Dockerised Data Science Stack (Part 3)

2020-08-27 | 2 minutes read

Tags: Data Science, Docker, OSS, JupyterHub, JupyterLab, code-server

This is the last of a three part series on how to set up a self-hosted, internet-facing, dockerised Data Science Stack.

Reverse proxy: Træfik
Git repository server: GitLab
- Including Mattermost
Data Science Hub: JupyterHub
- IDE: JupyterLab + code-server
- Languages: Julia, Python and R

See https://gitlab.b-data.ch/docker/deployments/jupyter on how to get JupyterHub up and running.

The default configuration uses an R-based JupyterLab Image. If you are more interested in Julia, simply change the environment variable DOCKER_JUPYTERLAB_IMAGE to glcr.b-data.ch/jupyterlab/julia/ver.

This deployment should also work with the Jupyter Docker Stacks, a set of ready-to-run Docker images containing Jupyter applications and interactive computing tools.

About code-server

Run VS Code on any machine anywhere and access it in the browser.

Highlights

Code everywhere

Code on your Chromebook, tablet, and laptop with a consistent development environment.

Develop on a Linux machine and pick up from any device with a web browser.

Server-powered

Take advantage of large cloud servers to speed up tests, compilations, downloads, and more.

Preserve battery life when you’re on the go as all intensive tasks runs on your server.

Make use of a spare computer you have lying around and turn it into a full development environment.

— cdr/code-server: VS Code in the browser

JupyterLab: Jupyter’s Next-Generation Notebook Interface

JupyterLab is a web-based interactive development environment for Jupyter notebooks, code, and data. JupyterLab is flexible: configure and arrange the user interface to support a wide range of workflows in data science, scientific computing, and machine learning. JupyterLab is extensible and modular: write plugins that add new components and integrate with existing ones.

— Project Jupyter | Home

What is JupyterHub?

JupyterHub brings the power of notebooks to groups of users.
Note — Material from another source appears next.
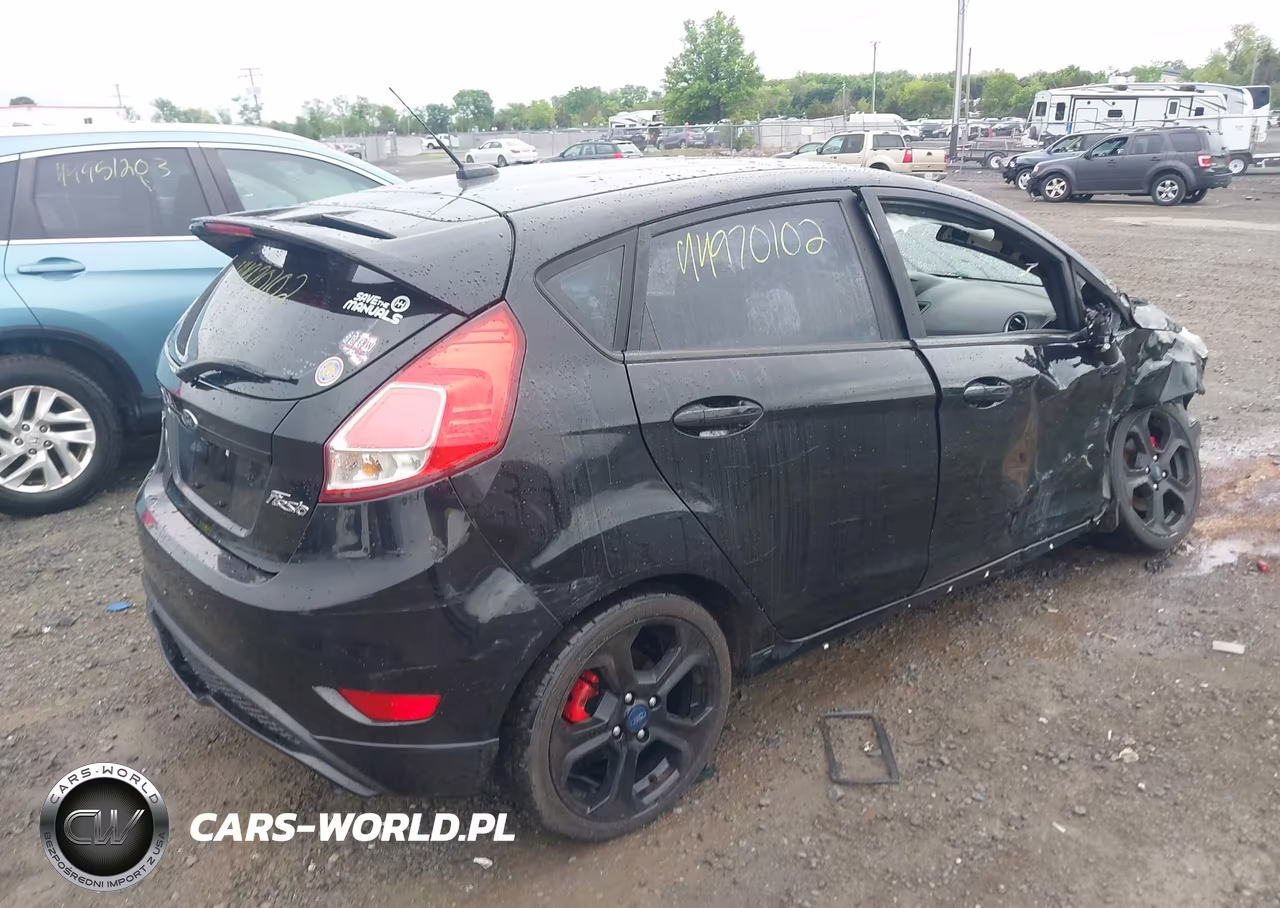 2019 Ford Fiesta St VIN:3FADP4GX7KM119838 - 4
It gives users access to computational environments and resources without burdening the users with installation and maintenance tasks. Users - including students, researchers, and data scientists - can get their work done in their own workspaces on shared resources which can be managed efficiently by system administrators.

JupyterHub runs in the cloud or on your own hardware, and makes it possible to serve a pre-configured data science environment to any user in the world. It is customizable and scalable, and is suitable for small and large teams, academic courses, and large-scale infrastructure.

— Project Jupyter | JupyterHub